[Dataset items]
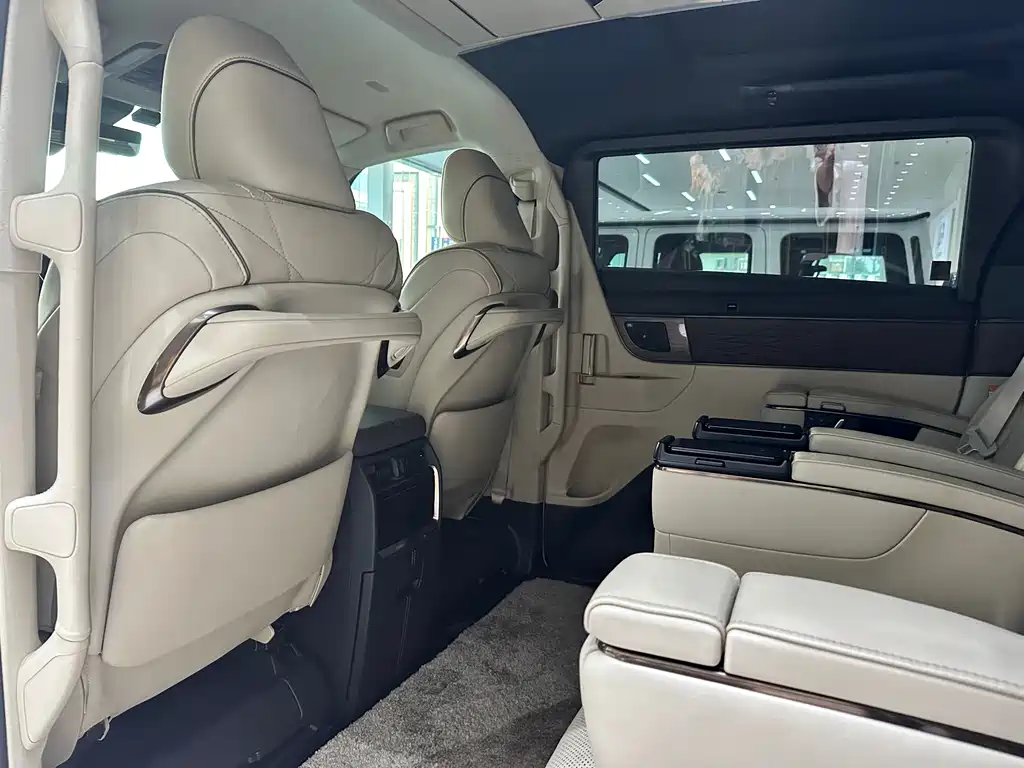Toyota Vellfire — миниатюра 11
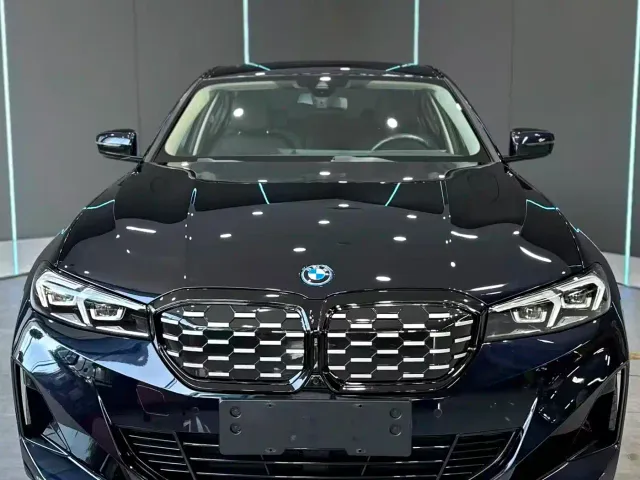 BMW i3 — Фото автомобиля 2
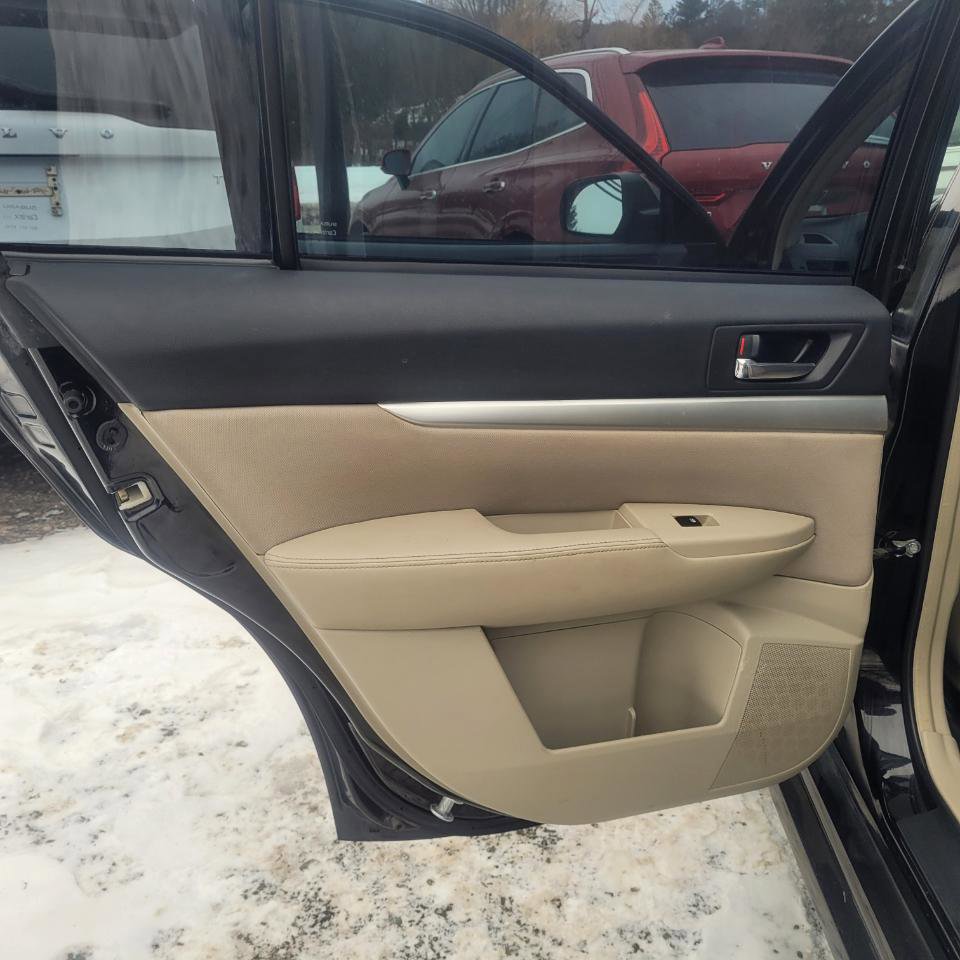 Used 2013 Subaru Legacy 2.5i Premium image 26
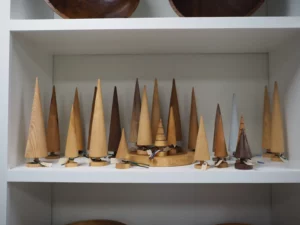 Hand made Wooden ornaments preventing the Cracks in Wooden Utensils
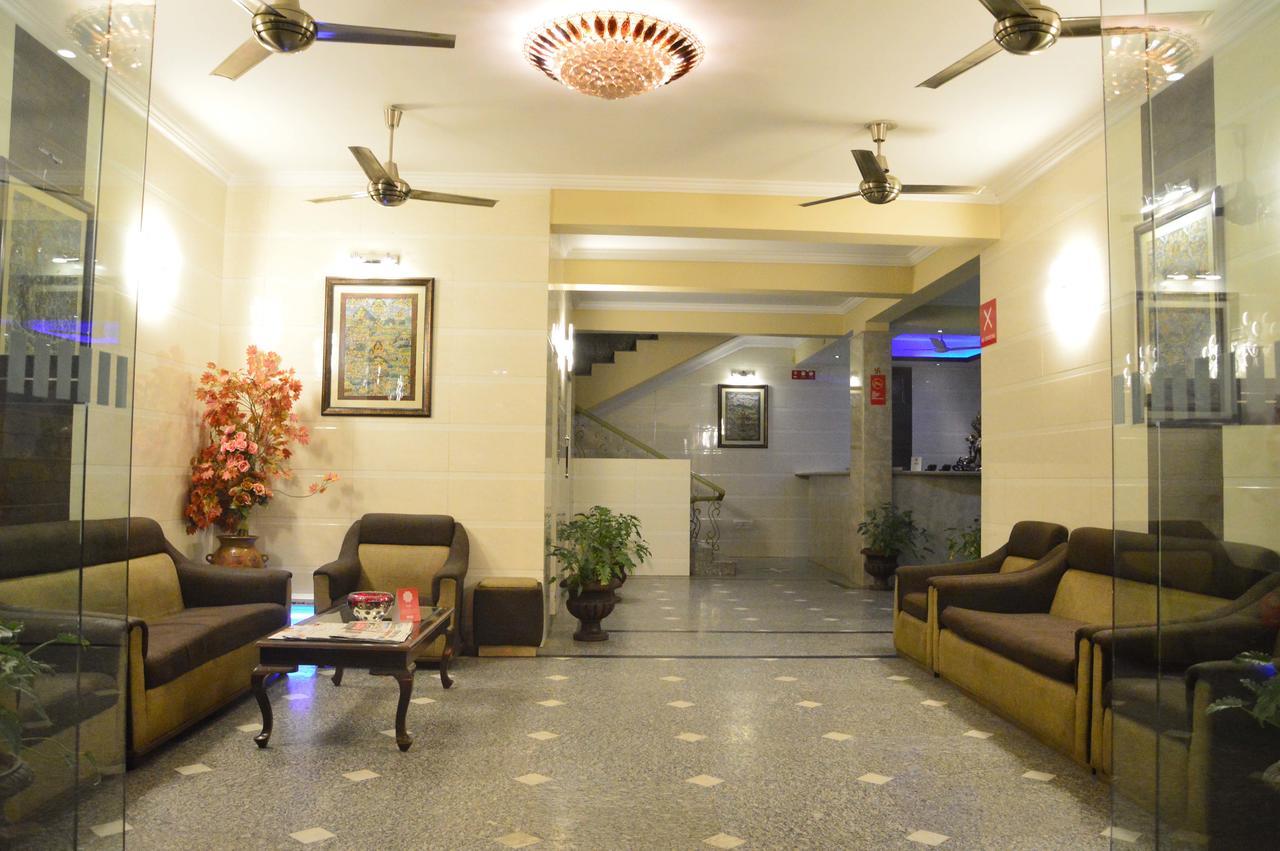 Amanda Crown Jaipur Hotel Kukas Eksteriør billede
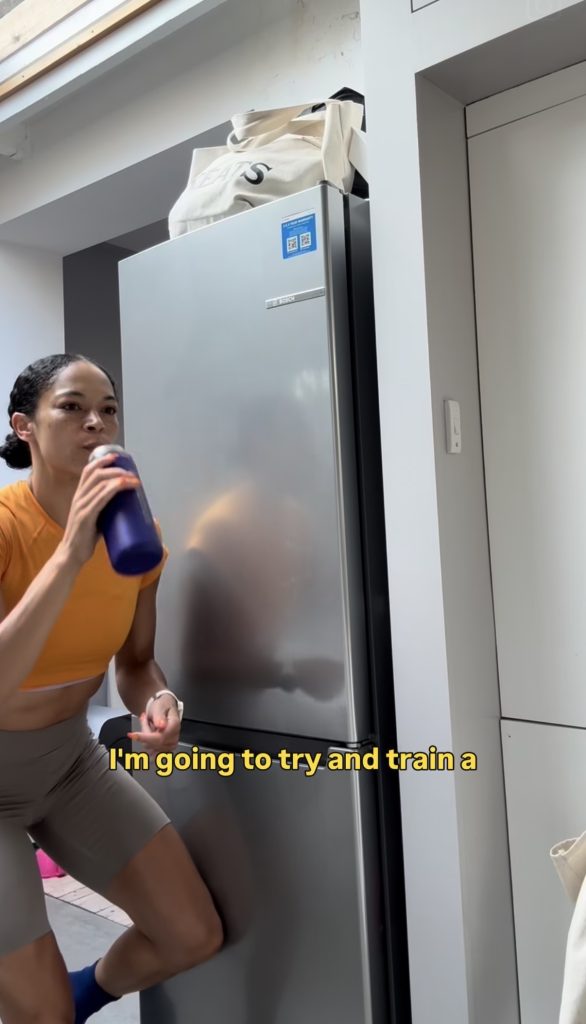 Hannah Frankson NYC Marathon training plan explained in her kitchen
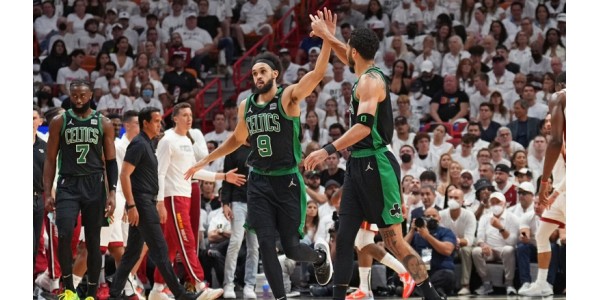Boston Celticsin sijoitus muuttuu kauden aikana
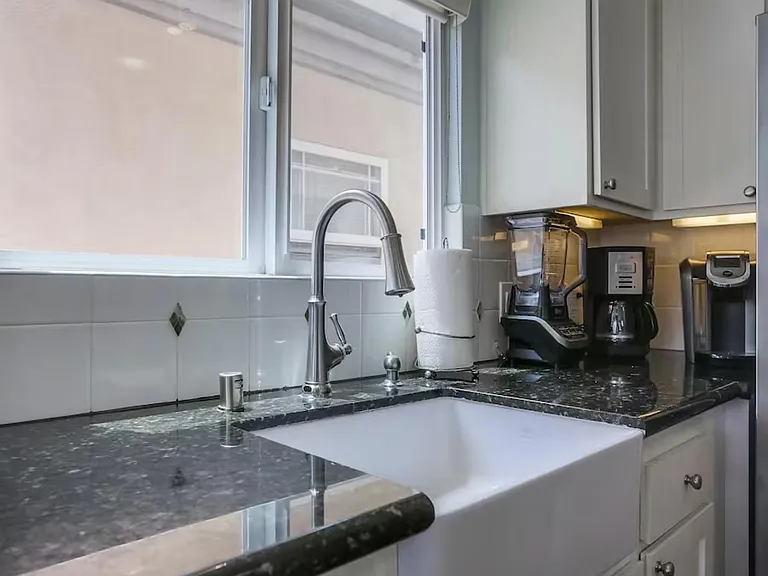 817 Ostend Ct — Photo 12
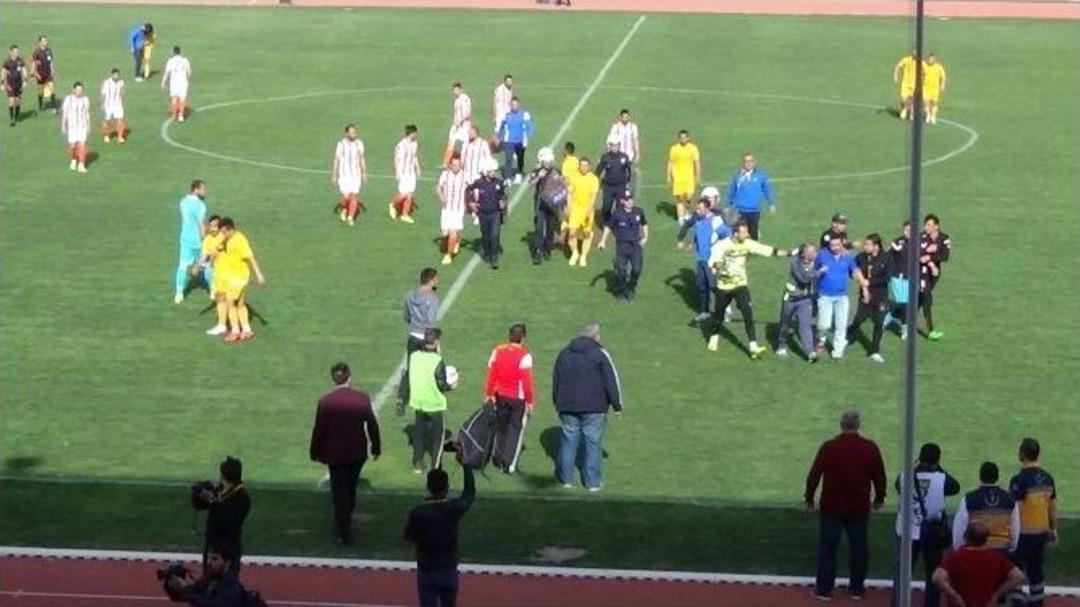 Ma&ccedil;taki Taraftar Kavgasını Polis &Ouml;nledi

→ ASSIGNMENT
Set out, exactly as given, the line that contains "Used 2013 Subaru" along with each line after it through the end of the records above; omit the pictures.

→ OUTPUT OF THE TASK
 Used 2013 Subaru Legacy 2.5i Premium image 26
 Hand made Wooden ornaments preventing the Cracks in Wooden Utensils
 Amanda Crown Jaipur Hotel Kukas Eksteriør billede
 Hannah Frankson NYC Marathon training plan explained in her kitchen
Boston Celticsin sijoitus muuttuu kauden aikana
 817 Ostend Ct — Photo 12
 Ma&ccedil;taki Taraftar Kavgasını Polis &Ouml;nledi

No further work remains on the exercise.